Presentation

The Festival substance remains strong and determined in every edition, as a ground significant part of this 62nd edition, staged over August 2023.

The 62nd edition programme aims to reveal and emphasize one of the Festival’s evolution trademarks, which is none other than the range or balance between the symphonic and chamber concerts.
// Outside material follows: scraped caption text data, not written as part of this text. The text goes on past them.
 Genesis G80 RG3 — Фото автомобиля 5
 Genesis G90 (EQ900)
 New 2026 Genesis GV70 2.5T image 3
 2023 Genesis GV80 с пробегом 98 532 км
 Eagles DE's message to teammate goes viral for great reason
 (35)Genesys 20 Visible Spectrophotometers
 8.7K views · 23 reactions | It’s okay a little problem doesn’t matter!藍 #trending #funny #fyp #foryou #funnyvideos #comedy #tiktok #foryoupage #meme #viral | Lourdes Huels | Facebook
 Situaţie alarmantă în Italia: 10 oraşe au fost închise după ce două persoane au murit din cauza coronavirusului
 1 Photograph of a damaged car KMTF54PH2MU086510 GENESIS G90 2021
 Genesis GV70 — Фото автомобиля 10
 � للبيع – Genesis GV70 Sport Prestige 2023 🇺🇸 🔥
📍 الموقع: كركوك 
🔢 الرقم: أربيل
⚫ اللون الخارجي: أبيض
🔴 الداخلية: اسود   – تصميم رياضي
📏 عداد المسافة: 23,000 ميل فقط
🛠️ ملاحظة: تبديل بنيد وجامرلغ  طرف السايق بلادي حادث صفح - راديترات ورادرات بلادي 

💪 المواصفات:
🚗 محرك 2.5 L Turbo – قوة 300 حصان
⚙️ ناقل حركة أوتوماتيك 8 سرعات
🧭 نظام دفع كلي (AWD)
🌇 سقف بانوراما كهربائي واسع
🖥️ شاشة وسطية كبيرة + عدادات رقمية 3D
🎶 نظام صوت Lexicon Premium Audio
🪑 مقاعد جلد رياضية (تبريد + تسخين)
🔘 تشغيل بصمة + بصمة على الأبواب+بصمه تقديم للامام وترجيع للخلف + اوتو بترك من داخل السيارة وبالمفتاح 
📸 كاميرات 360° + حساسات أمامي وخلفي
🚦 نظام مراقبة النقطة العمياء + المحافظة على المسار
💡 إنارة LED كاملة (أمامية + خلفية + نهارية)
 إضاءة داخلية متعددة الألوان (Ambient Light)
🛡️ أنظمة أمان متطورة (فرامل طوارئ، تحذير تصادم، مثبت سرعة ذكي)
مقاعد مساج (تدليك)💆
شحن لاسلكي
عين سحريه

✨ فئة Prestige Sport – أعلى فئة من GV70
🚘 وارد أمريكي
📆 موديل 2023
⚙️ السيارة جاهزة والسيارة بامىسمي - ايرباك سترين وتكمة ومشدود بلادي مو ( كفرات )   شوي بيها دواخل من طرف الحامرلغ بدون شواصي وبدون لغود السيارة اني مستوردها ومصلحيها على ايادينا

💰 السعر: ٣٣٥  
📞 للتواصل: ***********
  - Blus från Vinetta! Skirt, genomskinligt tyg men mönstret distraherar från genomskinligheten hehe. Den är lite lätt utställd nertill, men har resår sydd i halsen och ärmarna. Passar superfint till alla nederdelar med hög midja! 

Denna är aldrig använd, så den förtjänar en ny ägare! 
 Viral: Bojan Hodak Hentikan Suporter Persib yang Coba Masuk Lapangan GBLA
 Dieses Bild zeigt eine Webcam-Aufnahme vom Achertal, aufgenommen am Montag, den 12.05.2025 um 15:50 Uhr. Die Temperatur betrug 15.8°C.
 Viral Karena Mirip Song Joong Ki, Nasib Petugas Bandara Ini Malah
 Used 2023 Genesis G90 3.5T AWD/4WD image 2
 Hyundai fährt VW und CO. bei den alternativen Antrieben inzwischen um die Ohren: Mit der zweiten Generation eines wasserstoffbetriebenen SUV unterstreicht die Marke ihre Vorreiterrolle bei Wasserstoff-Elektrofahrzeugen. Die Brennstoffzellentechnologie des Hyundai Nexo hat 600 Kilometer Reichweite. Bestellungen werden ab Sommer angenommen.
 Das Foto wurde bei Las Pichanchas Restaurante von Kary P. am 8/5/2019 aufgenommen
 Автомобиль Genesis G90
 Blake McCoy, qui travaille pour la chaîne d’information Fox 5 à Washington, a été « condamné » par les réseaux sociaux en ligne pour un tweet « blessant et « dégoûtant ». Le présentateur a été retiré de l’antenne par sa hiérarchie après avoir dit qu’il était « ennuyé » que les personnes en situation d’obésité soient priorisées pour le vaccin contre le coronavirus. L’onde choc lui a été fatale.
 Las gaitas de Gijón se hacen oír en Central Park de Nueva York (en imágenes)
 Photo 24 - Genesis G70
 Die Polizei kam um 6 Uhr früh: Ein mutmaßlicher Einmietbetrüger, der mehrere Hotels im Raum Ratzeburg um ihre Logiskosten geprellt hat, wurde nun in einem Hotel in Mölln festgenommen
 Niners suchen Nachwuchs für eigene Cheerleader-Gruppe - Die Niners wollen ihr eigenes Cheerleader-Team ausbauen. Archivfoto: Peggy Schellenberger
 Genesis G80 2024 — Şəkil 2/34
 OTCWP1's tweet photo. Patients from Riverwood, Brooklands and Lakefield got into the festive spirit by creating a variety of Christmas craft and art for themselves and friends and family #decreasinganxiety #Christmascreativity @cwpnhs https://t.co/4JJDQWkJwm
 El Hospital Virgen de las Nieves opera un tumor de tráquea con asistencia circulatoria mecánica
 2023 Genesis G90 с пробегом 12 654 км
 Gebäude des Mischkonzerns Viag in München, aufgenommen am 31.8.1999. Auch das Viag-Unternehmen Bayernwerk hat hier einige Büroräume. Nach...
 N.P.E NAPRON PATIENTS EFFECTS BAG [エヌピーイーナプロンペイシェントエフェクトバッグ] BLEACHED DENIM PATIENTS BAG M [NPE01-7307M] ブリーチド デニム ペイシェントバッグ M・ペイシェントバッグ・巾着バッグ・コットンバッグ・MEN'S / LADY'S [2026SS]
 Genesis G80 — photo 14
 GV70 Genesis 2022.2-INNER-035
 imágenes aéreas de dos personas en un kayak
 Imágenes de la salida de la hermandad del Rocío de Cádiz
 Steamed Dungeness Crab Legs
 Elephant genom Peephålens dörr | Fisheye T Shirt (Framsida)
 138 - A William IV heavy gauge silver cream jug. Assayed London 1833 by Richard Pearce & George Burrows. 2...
This year 2023, the programme renders a whole balance, with three symphonic and three chamber formats, among the six core concerts. All variants of symphonies: the opening concert’s pure symphonism; the mighty Chamber Orchestra of Europe held by Daniel Harding’s international baton’s “no intermediary” symphonism; the CUIB-OSIB and closing concert’s choral symphonic concerts and the DKB’s traditional opening-concert-symphony structure. We seized the opportunity to remember selected commemorative events, such as the 50th anniversary of Master Pau Casals’ passing. Thus, in the August 25 concert, the prestigious cellist Nicolas Aldstaedt will perform two cello concertos—Haydn’s Concerto in C major and Boccherini’s Concerto in G major with the baroque ensemble Arcangelo under Jonathan Cohen’s direction.

We lack enough room to break down all the programme’s milestones, but we’d like to highlight a few. Firstly, it promotes new creations by female composers with the German composer Aziza Sadikova’s work tour premiere:  Concerto for violin and accordion, Labyrinthe du temps, by one of the most globally renowned soloists, Hillary Hahn. Secondly, it highlights the first audition in Mallorca of Beethoven’s choral symphonic work, Meeresstille und Glückliche Fahrt (Calm Sea and Happy Voyage). And, finally, with great pride, it positions the Pollença Festival as a centre for the creation of new initiatives, production, and promotion with the Arpeggiata – Christina Pluhar & Maria del Mar Bonet’s project, a Pollença Festival with the Torroella de Montgrí Festival’s joint initiative, and a co-production tour with the Sagunto Festival featuring a confluence of Mediterranean tradition melodies, rhythms, ditties and songs repertoire.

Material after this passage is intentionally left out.